Using records of the Saskatchewan Prescription Drug Plan, we determined the incidence of antidepressant use (a marker for depressive symptoms) in patients who received beta-blockers or other treatments for chronic diseases (diuretics, antihypertensives, and hypoglycemics) during 1984, but not in the previous 6 months. Antidepressants initiated within 12 months after the study drug were counted. Of the 3218 new beta-blocker users, 6.4% received concurrent prescriptions (ie, within 34 days) for an antidepressant and beta-blocker. Only 2.8% of the reference group (no study drug use) received an antidepressant. A greater proportion of patients prescribed propranolol (9.5%) received an antidepressant than those prescribed other "lipophilic" (3.9%) or "hydrophilic" (2.5%) beta-blockers. Incidence ratios for propranolol revealed the overall risk antidepressant use was 4.8 (95% confidence interval [CI], 4.1 to 5.5) times that of the reference group and 2.1 (95% CI, 1.7 to 2.5) times that of all other study drug users.
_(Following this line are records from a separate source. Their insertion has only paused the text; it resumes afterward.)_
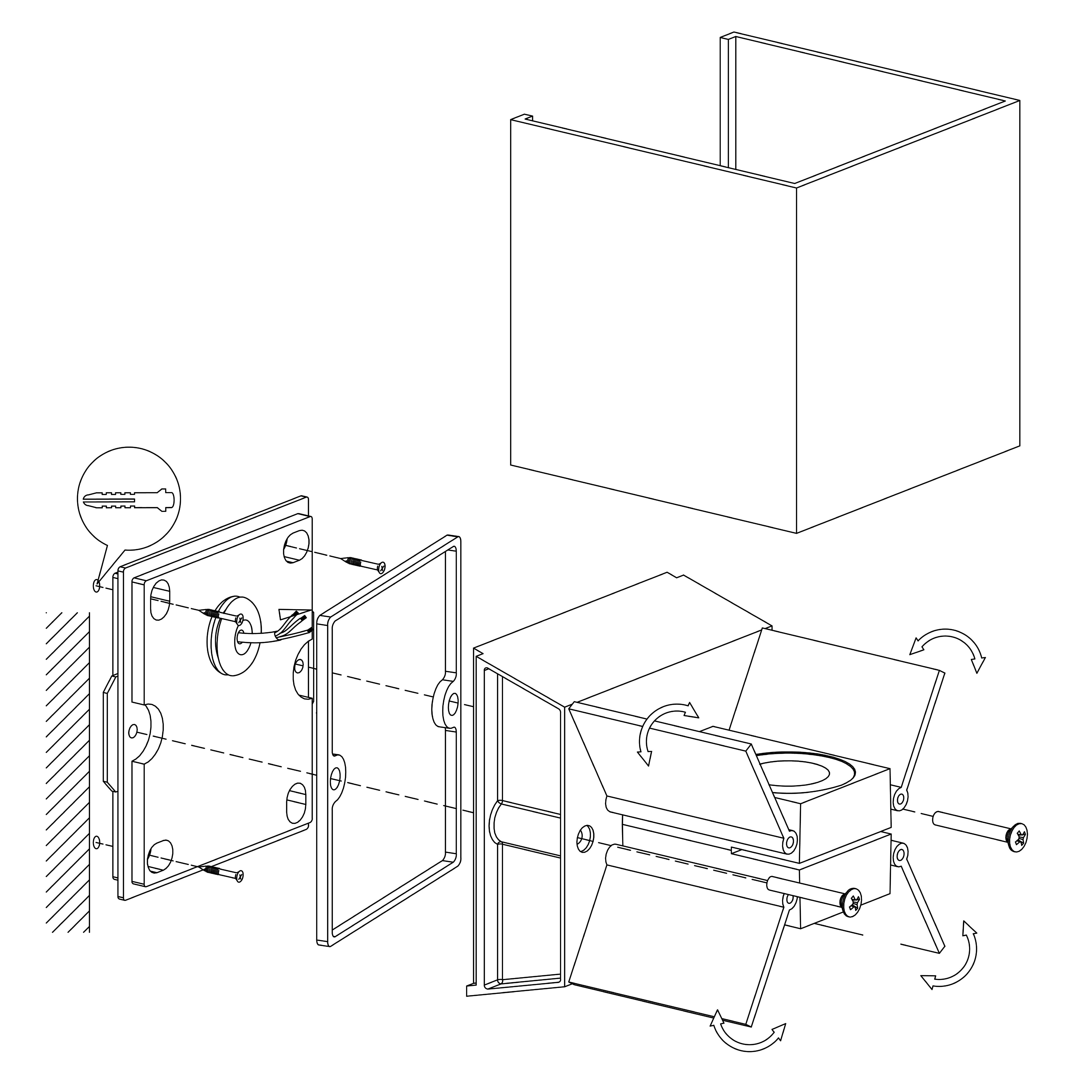 eglo calpino ip54 white square outdoor led wall light Hallway Lighting Close up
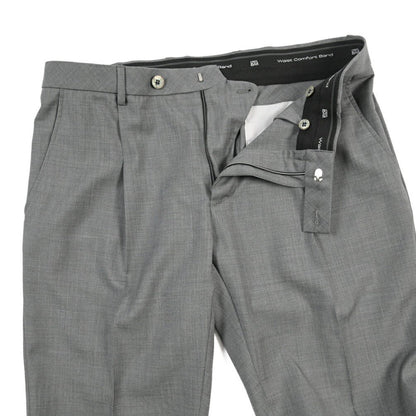 SALE｜GTA “RICCARDO” ヴァージンウール100% ウエストバンド付きワンタックスラックス / SLIM FIT グレー 52 | GUARDAROBA MILANO OFFICIAL STORE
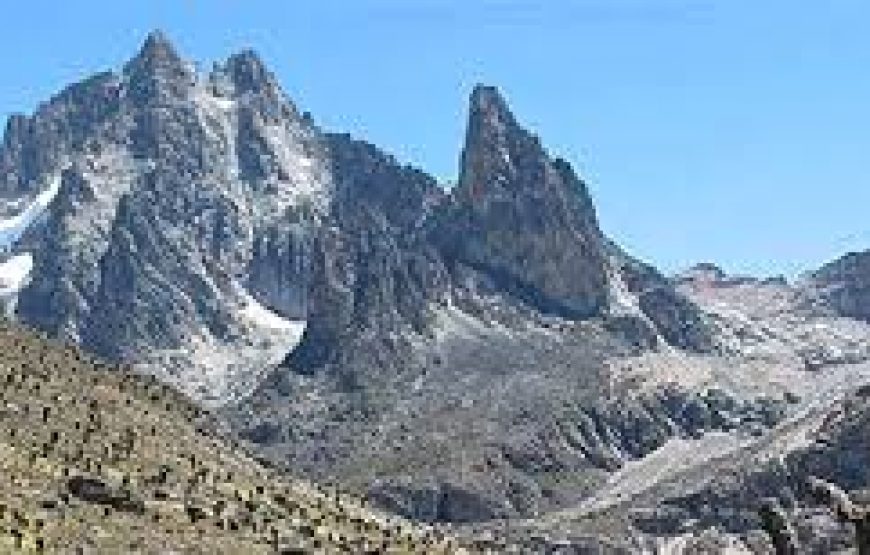 Mt Kenya Climb Sirimon Route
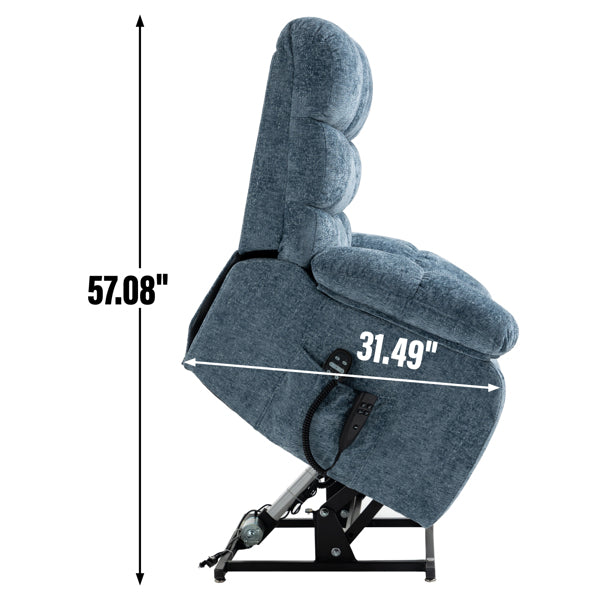 Heated Reclining Chair with Massage Function 4
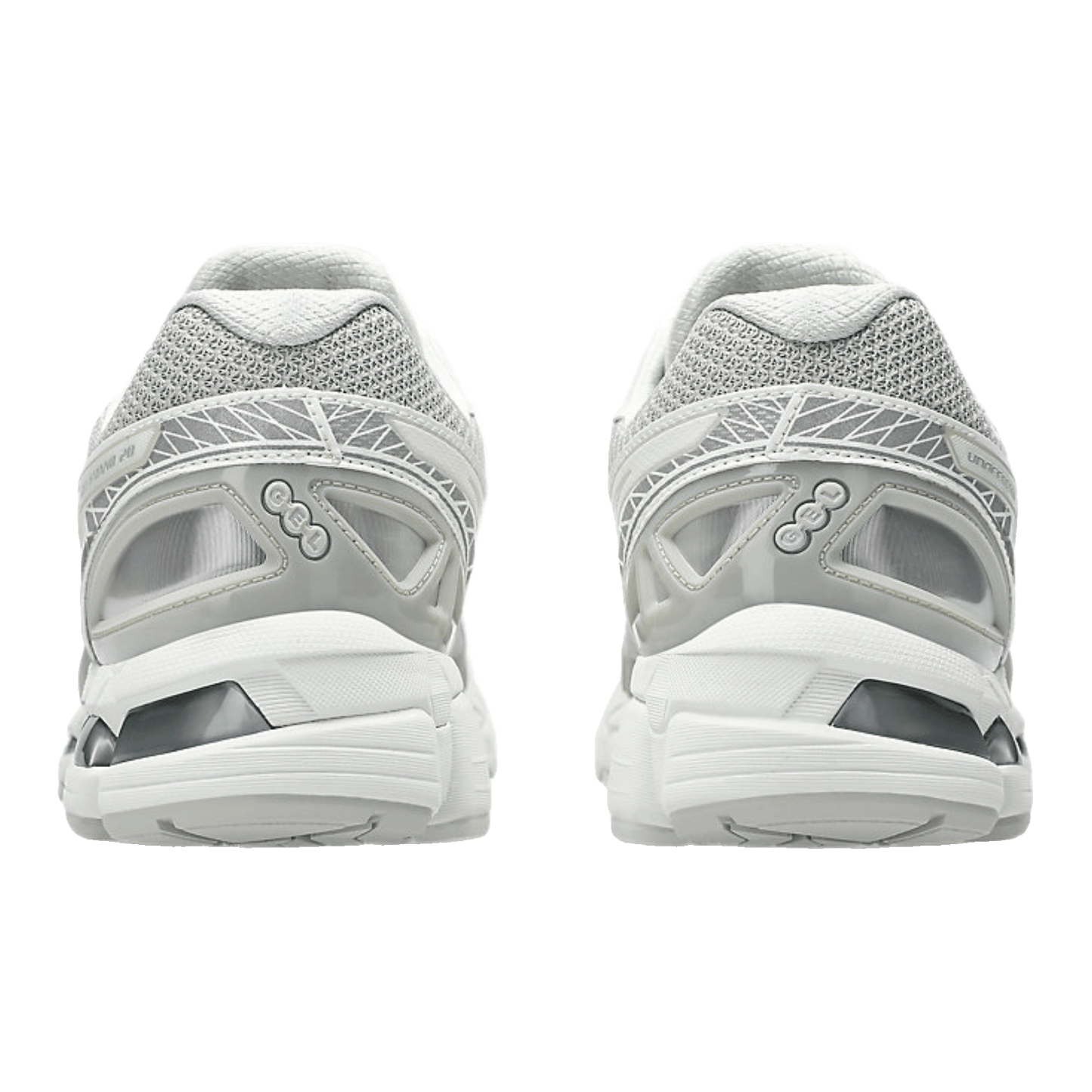 ASICS Gel-Kayano 20 Unaffected Cream Lake Grey Back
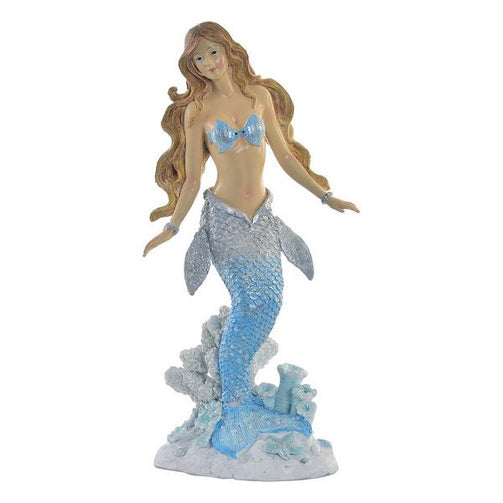 Decorative Figure Dekodonia Mermaid Resin (14 x 9 x 30 cm) Dekodonia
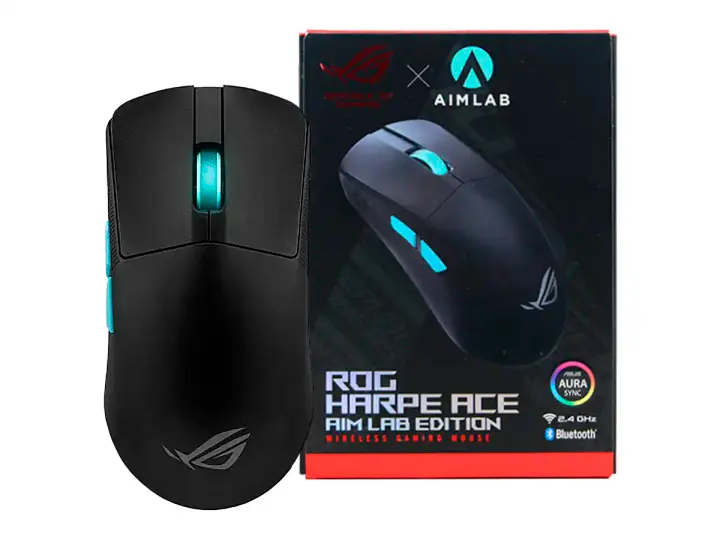 ASUS INALAMBRICO ASUS ROG HARPE ACE AIM LAB EDITION GAMING (P713 ROG HARPE ACE AIM LAB EDI) NEGRO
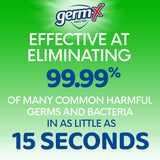 Germ-X Advanced Hand Sanitizer with Aloe and Vitamin E, 1 Liter (Pack of 4), Less Drying Moisturizing Gel, No Rinse Formula, Pump Bottle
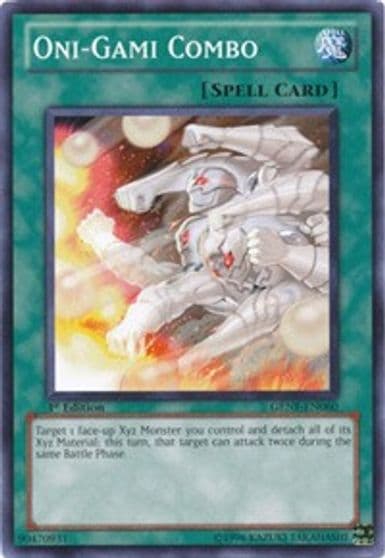 Oni Gami Combo Generation Force Yu-Gi-Oh! card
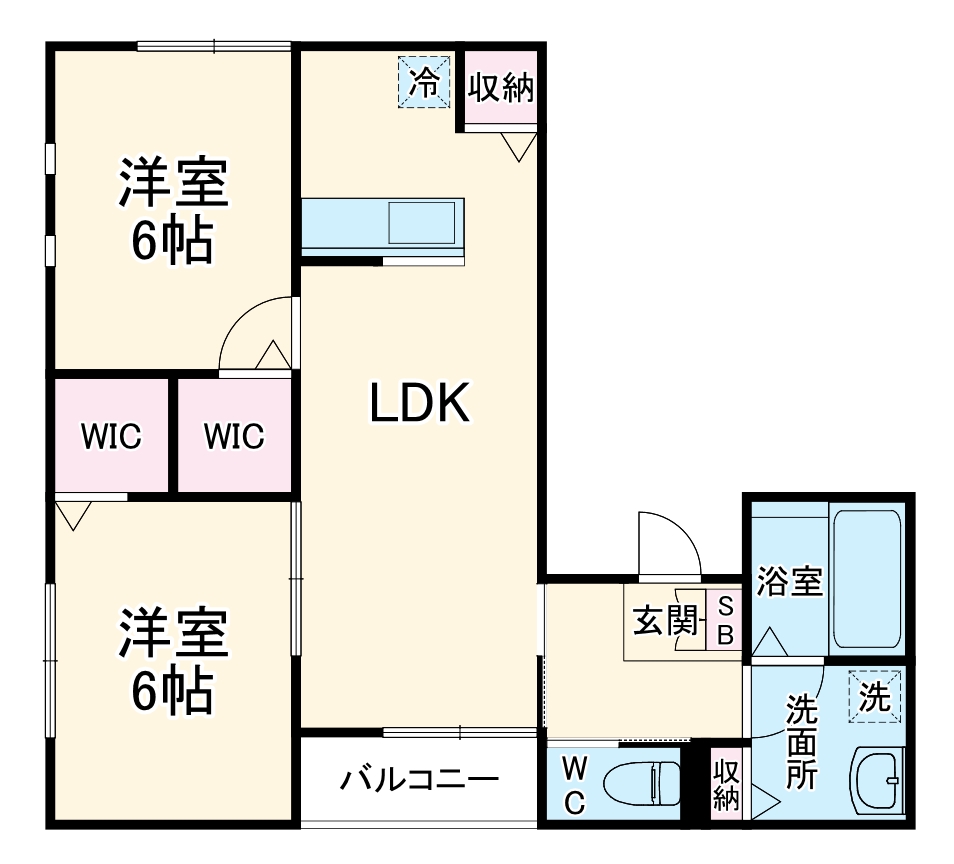 Luce A棟の間取り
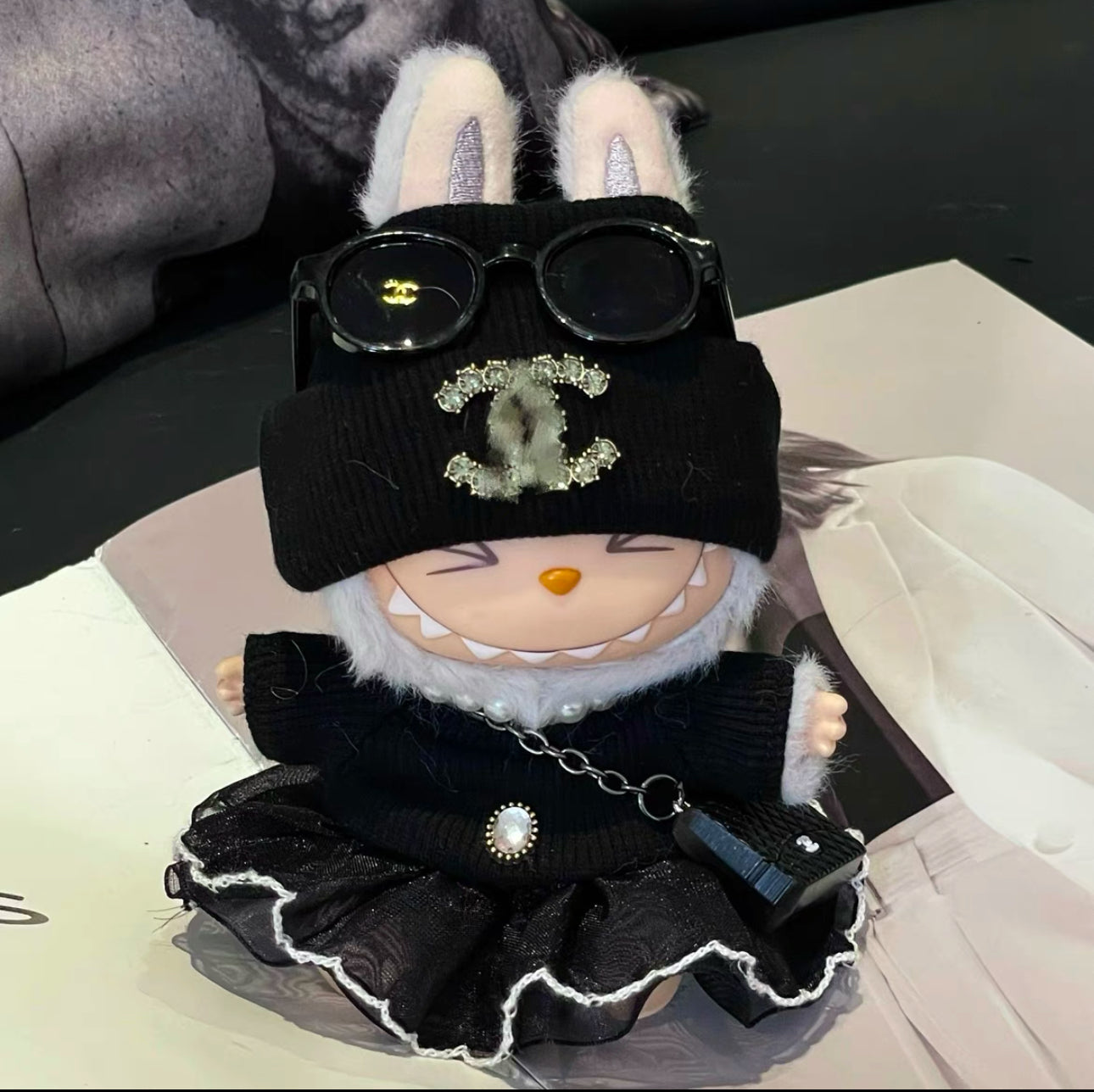 Labubu Chanel series outfits(Handmade)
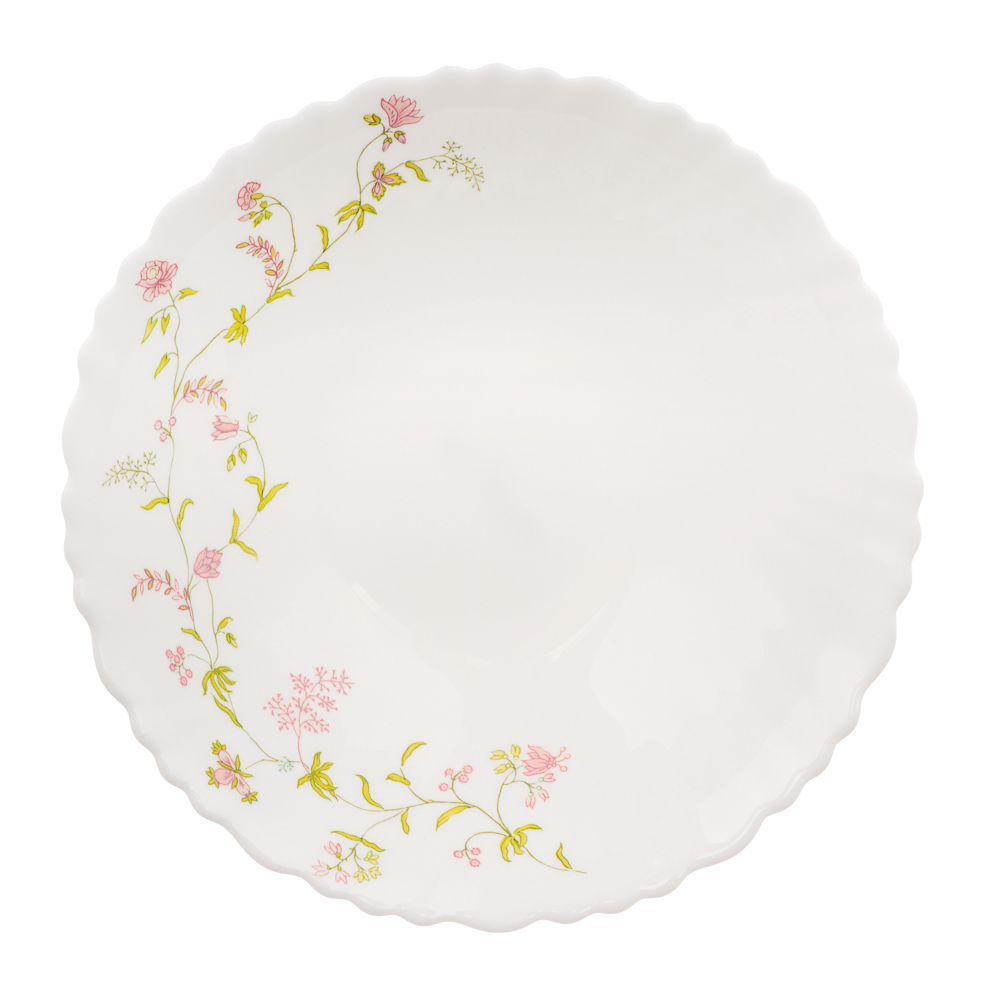 MILLIMI Клавель Салатник опаловое стекло 24см, арт.№ 818-005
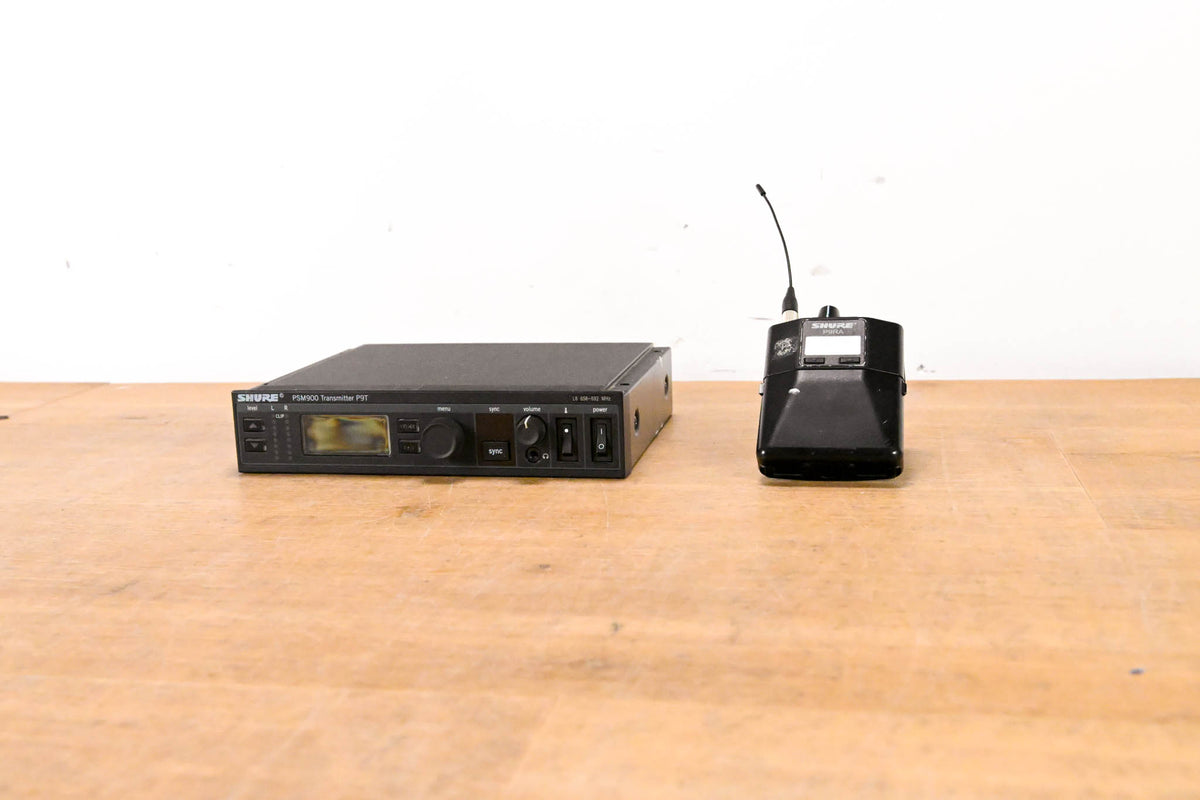 Shure PSM 900 Wireless IEM System L6 Band: 656-692 MHz (NO POWER SUPPLY)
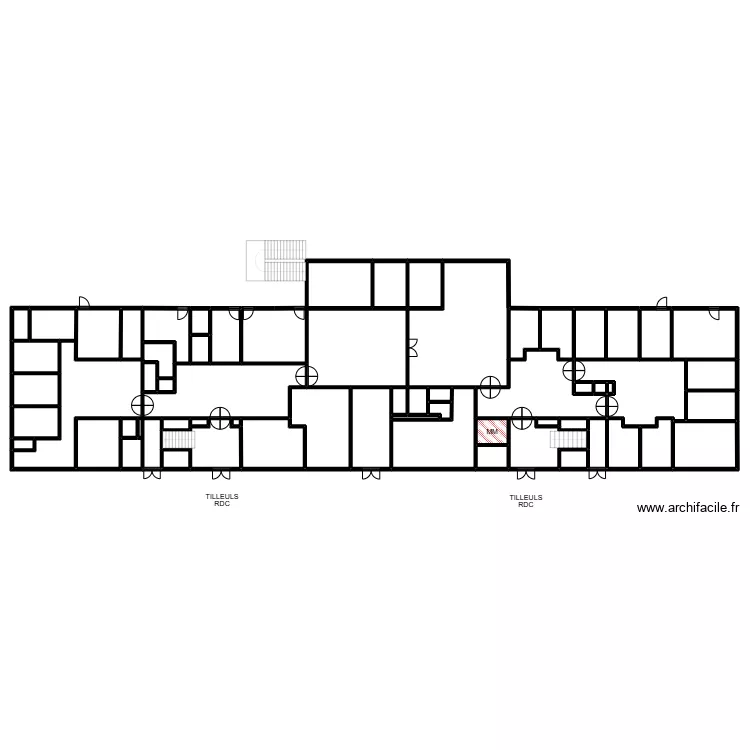 TILLEULS RDC avant travaux. Plan de 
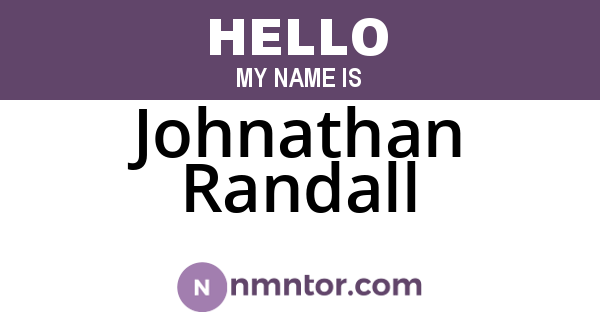 Johnathan Randall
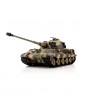 RC tankas King Tiger 1:16 Henschel bokštelis BB IR metaliniai vikšrai – CyborgShop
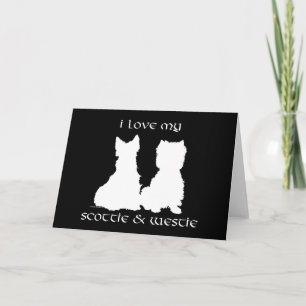 Scottish Terrier Greeting Card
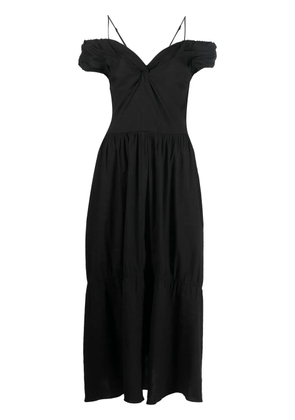 Vince off-shoulder midi dress - Black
For propranolol, relative risk of antidepressant use (drug/reference group) varied with age and was greatest in the 20- to 39-year-old group (17.2; 95% CI, 13.7 to 21.5).

摘要

利用萨斯喀彻温省处方药计划的记录,我们确定了在1984年接受β受体阻滞剂或其他慢性病治疗药物(利尿剂、抗高血压药和降血糖药)但在之前6个月未接受此类治疗的患者中,使用抗抑郁药(抑郁症状的一个指标)的发生率。统计在研究药物使用后12个月内开始使用的抗抑郁药。在3218名新的β受体阻滞剂使用者中,6.4%同时开具了抗抑郁药和β受体阻滞剂的处方(即34天内)。对照组(未使用研究药物)中只有2.8%的人使用了抗抑郁药。与使用其他“亲脂性”(3.9%)或“亲水性”(2.5%)β受体阻滞剂的患者相比,使用普萘洛尔的患者中使用抗抑郁药的比例更高(9.5%)。普萘洛尔的发生率比值显示,使用抗抑郁药的总体风险是对照组的4.8倍(95%置信区间[CI],4.1至5.5),是所有其他研究药物使用者的2.1倍(95%CI,1.7至2.5)。对于普萘洛尔,使用抗抑郁药的相对风险(药物/对照组)随年龄而异,在20至39岁年龄组中最高(17.2;95%CI,13.7至21.5)。